Paul Doiron

I’m not a prologue fan.  OK, I’ve written them.  I’ve never produced one that really works.  When I see one in a novel, I sigh. They tend to be overwrought. The prose shades toward purple.

Get me to the story, I think. Plunge me into the action. Take me to “now.”

If you want to write a story about “back then,” I want to tell the writer, write it.

And then occasionally one just works. The good ones are usually low key.  They don’t try too hard, like the one in Paul Doiron’s “The Poacher’s Son.”

“When I was nine years old, my father took me deep into the Maine woods to see an old prisoner of war camp. My mom had just announced she was leaving him, this time for good.”  This is future game warden Mike Bowditch thinking back.  The next two pages sprinkle clues about what lies ahead. The prologue covers lots of emotional ground—without being too emotional.  It’s matter-of-fact. As readers, we feel like we’re in good hands.

The trip to the deep Maine woods finds that the old prisoner camp cabins and barracks and buildings had burned to the ground.  Then comes his father’s story about a missing German POW and the son accuses dad of lying.

“But he wasn’t lying,” Bowditch recalls. “Years later, after my dad and I had settled into a life pattern of long estrangements punctuated by awkward visits, I read about the incident in a book….I didn’t know what disturbed me more: that I had doubted my father reflexively, or the wistful look that came into his eyes as he told that story, as if his own greatest wish was to vanish into the woods and never return.”

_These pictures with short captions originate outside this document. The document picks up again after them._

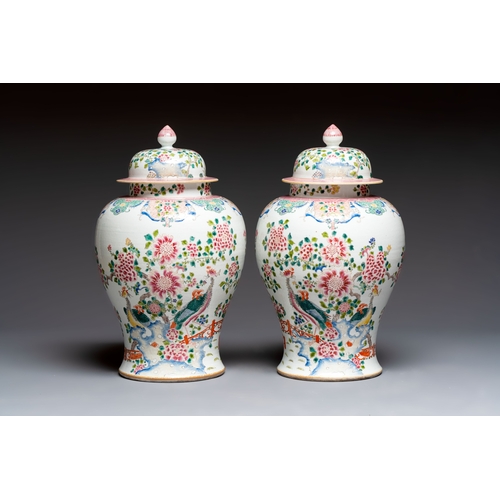 41 - A pair of Chinese famille rose 'Phoenixes among Flowering Branches' vases and covers, 20th C.H.: 52,... 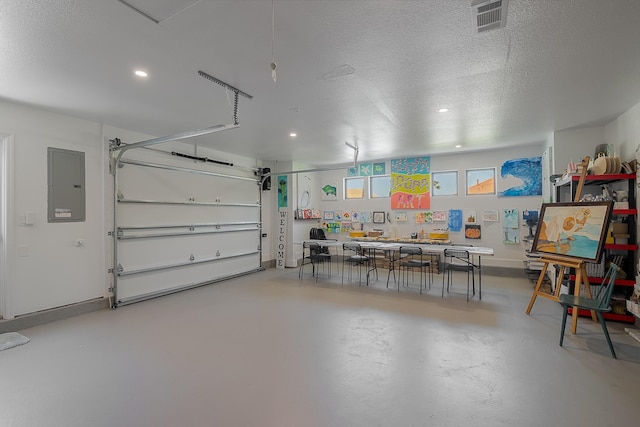 garage featuring electric panel, recessed lighting, and baseboards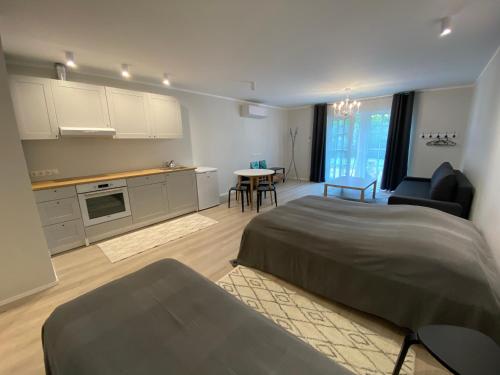 a bedroom with a bed and a kitchen with a table at Captain's House - Kaptenimaja - Apartments in Kärdla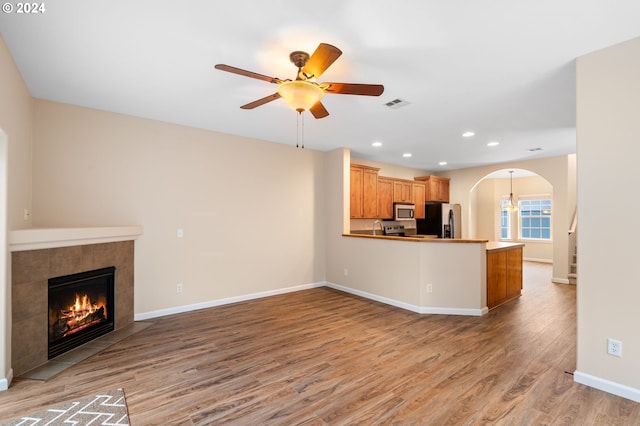 unfurnished living room featuring recessed lighting, a tiled fireplace, light wood-style flooring, a ceiling fan, and visible vents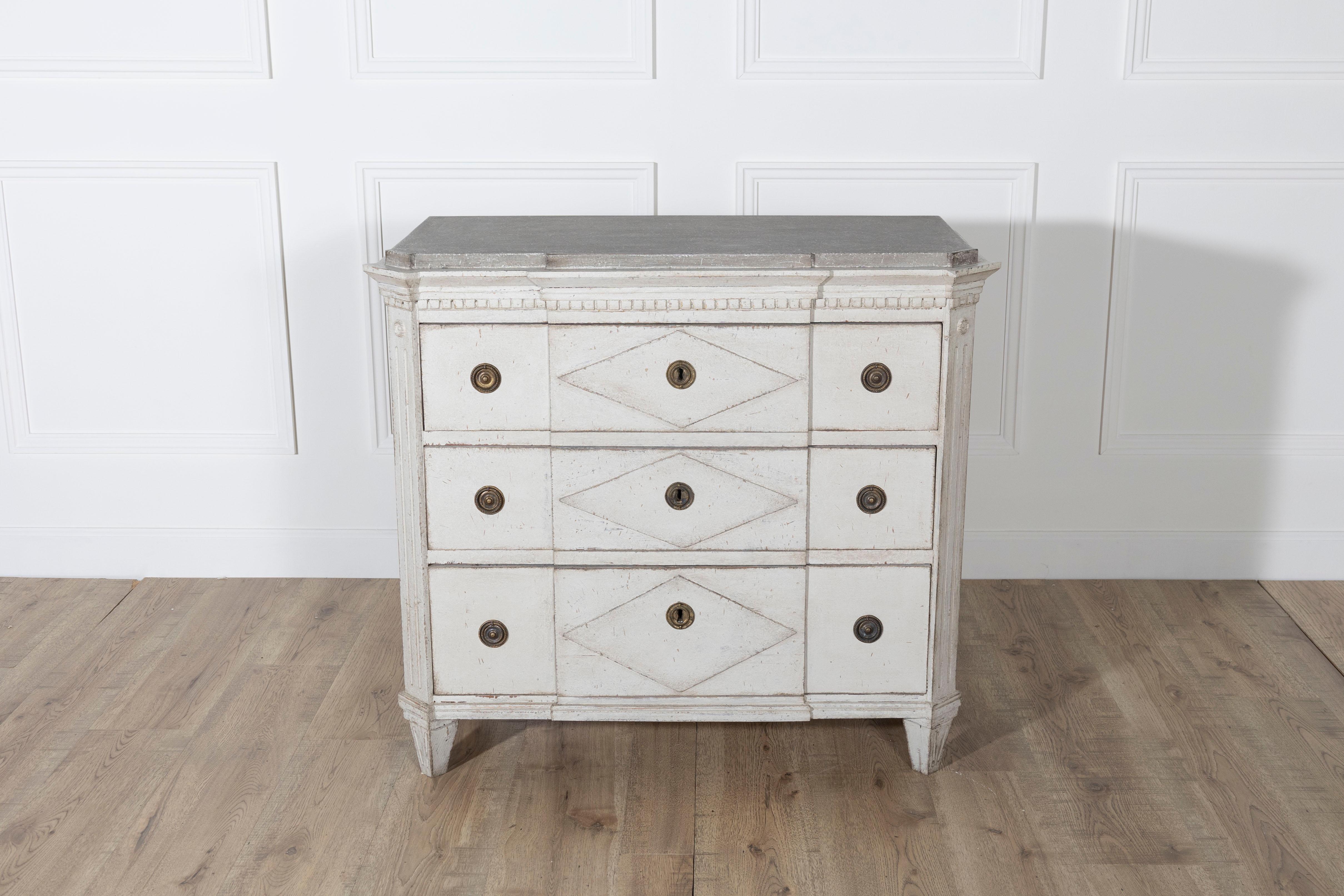 A beautifully detailed Swedish chest of drawers in the Gustavian style, dating to circa 1880. This elegant piece is painted in a soft sand tone with a lightly distressed patina, enhancing its neoclassical lines and timeless appeal. The chest stands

This prologue has a lot going on.  So does the rest of “The Poacher’s Son.”

The rugged Maine outback almost becomes a central character.  The distinctive Maine sights, sounds and smells (I spent many summers there) practically ooze like sap from every syllable of the story.  Budding rookie game warden Mike Bowditch is complex and struggles with a host of issues, from girlfriend commitment to a broken relationship with his father. (As you get to know the father, you can see why.)  The back story comes out in nifty bits and pieces.  There’s a generous stream of lively details that give the game warden work a solid footing.  Bowditch’s career and life bounce off a series of authority figures. And, finally, Paul Doiron gives “The Poacher’s Son” a strong lesson in land deals and politics in the Maine backcountry.

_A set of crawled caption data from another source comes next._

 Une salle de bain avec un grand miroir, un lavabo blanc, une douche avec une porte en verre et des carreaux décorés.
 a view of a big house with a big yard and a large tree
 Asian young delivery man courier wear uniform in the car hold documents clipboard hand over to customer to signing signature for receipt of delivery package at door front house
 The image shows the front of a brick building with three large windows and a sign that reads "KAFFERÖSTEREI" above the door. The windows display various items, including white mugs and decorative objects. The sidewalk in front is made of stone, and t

Minor complaints?  The heart-of-gold guy is a bit obvious and we all know there’s danger ahead for him.  It’s clear he will play a role in smash-up ending, too.  It’s a bit extreme that Bowditch would essentially pick a fight with a tourist-angler and return for more.  And Bowditch broods a bit too much.  (But we were warned.  In the prologue, Bowditch remembers that as a nine-year-old sadness “was a perpetual condition.”)

But “The Poacher’s Son” moves smoothly through a quick plot with plenty of rollercoaster moves.  Doiron takes advantage of the setting in the big finish and the ending turns a pristine Maine setting into a blood-stained mess.  Hard to imagine keeping Bowditch away from a return; just hoping he’s a bit more stalwart, a bit more confident and in charge.

And if there’s another prologue, I’ll read that, too.